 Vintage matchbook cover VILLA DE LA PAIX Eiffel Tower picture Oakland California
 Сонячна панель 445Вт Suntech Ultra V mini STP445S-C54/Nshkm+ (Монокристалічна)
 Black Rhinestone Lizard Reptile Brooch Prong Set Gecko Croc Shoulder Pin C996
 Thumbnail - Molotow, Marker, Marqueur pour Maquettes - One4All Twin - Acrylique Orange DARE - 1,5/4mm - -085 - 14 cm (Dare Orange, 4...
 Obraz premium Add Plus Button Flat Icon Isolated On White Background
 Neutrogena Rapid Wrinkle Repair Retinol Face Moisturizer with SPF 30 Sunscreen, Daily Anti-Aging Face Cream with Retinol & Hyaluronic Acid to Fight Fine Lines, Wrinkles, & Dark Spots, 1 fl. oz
+ + + + + + +
◆ Task details
Output nothing but the lines from the one that contains "Obraz premium Add" through the final line of the entries above, exactly as they appear.

◆ Completed exercise
 Obraz premium Add Plus Button Flat Icon Isolated On White Background
 Neutrogena Rapid Wrinkle Repair Retinol Face Moisturizer with SPF 30 Sunscreen, Daily Anti-Aging Face Cream with Retinol & Hyaluronic Acid to Fight Fine Lines, Wrinkles, & Dark Spots, 1 fl. oz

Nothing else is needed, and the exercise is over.